大阪市高速電気軌道(Osaka Metro)
広報戦略部長
弓家田広司氏
25年の長きにわたり、生活情報誌を発行するオレンジページで編集、広告、販売、デジタル系など様々なジャンルの業務に従事。その後ヨシケイ開発、大塚食品に活動の場を移し、広報、宣伝、SNS戦略、CSRなどを取り仕切る。2023年秋、一貫した食関連ジャンルから大きく転換し初の大阪単身赴任で地元インフラ企業の大阪市高速電気軌道(Osaka Metro)の広報戦略部長に就任。メディアと事業会社の両方の経験を活かし、守りと攻めの広報&ブランド戦略に取り組んでいる。目下の目標(課題?)はOsaka Metro全駅訪問、完全制覇!
Q1:現在の仕事の内容とは?
「交通を核とした生活まちづくり企業」を掲げる大阪の地下鉄インフラOsaka Metroにおいて、企業価値向上を目的に日々社内外に情報発信を行っている広報戦略部のマネジメントをしています。広報チームとブランドプロモーションチームを置き、メディアへのプレス資料の作成と発信はもちろん、取材対応、広聴(お客さまの声対応、お客さまモニターの活動運営)、社内報や会社案内、ノベルティ、マナー啓発活動等のポスター制作などのほか、企業イメージ向上とファン化を狙った宣伝活動、ブランドロゴ管理、さらにはCSRとして大阪市音楽団(Shion)とのパートナーシップ活動や大阪マラソン協賛、デジタル回りですとコーポレートサイトの管理運営、公式のYouTubeとX(旧Twitter)からの発信・分析、広告発注管理など、目まぐるしいほど(笑)多岐にわたる業務を計16名の大所帯で毎日活動しています。

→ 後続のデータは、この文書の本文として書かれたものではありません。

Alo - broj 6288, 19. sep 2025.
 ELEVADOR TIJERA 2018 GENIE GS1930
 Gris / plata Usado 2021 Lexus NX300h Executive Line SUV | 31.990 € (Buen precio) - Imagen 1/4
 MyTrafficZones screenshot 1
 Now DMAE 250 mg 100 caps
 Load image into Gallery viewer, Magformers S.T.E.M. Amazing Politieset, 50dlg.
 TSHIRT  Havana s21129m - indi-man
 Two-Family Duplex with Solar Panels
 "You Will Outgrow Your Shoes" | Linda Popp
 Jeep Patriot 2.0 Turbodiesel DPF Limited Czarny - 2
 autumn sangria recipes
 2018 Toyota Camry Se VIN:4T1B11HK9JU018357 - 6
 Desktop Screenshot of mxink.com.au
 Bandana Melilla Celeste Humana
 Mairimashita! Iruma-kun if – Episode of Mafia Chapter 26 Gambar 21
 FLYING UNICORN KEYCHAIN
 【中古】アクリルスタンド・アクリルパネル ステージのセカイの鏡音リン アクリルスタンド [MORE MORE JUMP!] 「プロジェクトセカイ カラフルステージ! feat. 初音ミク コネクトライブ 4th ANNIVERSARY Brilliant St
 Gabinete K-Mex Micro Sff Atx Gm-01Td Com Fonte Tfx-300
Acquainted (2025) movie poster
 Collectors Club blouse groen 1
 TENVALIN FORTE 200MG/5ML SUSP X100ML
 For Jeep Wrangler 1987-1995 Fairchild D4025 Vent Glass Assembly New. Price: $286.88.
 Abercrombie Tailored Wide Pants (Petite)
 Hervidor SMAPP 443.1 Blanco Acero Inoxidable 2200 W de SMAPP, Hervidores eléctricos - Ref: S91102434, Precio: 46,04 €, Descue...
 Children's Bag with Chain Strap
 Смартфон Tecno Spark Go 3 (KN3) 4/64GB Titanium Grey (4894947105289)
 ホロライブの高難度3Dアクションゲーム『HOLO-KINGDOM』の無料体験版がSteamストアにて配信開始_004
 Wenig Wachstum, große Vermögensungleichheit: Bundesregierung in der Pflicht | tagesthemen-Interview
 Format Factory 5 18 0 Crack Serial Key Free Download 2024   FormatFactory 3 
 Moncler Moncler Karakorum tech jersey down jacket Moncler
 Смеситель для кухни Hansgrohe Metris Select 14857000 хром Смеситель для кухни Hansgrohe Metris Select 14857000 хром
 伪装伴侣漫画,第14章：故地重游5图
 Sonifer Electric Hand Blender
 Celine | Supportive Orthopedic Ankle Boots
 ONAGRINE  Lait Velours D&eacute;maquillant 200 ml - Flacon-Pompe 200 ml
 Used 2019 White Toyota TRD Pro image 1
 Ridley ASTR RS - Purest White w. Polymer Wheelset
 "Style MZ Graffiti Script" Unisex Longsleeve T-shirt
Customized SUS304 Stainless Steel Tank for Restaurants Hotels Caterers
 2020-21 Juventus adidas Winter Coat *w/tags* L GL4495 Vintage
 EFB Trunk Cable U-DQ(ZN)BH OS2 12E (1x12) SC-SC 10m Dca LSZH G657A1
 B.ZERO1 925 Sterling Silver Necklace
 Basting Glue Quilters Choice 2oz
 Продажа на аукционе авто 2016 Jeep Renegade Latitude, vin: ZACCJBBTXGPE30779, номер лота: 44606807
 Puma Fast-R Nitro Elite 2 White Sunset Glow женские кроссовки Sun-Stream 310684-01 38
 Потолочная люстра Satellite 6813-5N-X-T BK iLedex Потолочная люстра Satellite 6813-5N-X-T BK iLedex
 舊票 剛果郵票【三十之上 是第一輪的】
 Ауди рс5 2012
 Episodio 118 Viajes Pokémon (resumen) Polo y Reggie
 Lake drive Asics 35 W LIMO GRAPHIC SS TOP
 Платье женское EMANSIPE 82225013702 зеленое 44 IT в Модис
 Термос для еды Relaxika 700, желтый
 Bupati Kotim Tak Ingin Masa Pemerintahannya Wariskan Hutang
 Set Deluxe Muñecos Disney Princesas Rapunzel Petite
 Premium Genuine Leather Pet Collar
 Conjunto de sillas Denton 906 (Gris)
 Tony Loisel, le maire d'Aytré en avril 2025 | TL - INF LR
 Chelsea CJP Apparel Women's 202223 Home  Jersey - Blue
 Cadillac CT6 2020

また、交通事業を営む会社として一番大切にしているのが「安全・安心」の運行。広報戦略部としては、事故や遅延が発生した場合へのお客さまへの情報アナウンスを、運行情報アプリやHP、Xなどでスピーディにかつ的確に発信してご安心いただく取り組みのほか、重大インシデントが発生した場合の危機管理対応として、対応マニュアルの作成のほか、新聞記者を講師に招いた模擬記者会見実習を社内役職者に体験してもらうといった研修会も企画運営しています。
Q2:これまでの職歴は?
1994年に生活情報誌『オレンジページ』を手掛けるオレンジページ社に新卒入社。料理から家事全般、美容、旅行などさまざまなジャンルの編集にたずさわり、さらに広告部での媒体営業やタイアップ編集、web・SNS施策立案などの経験も重ね、読者やユーザー、特に主婦のインサイトをとことん知りつくすという、ちょっと異色の経験からスタート。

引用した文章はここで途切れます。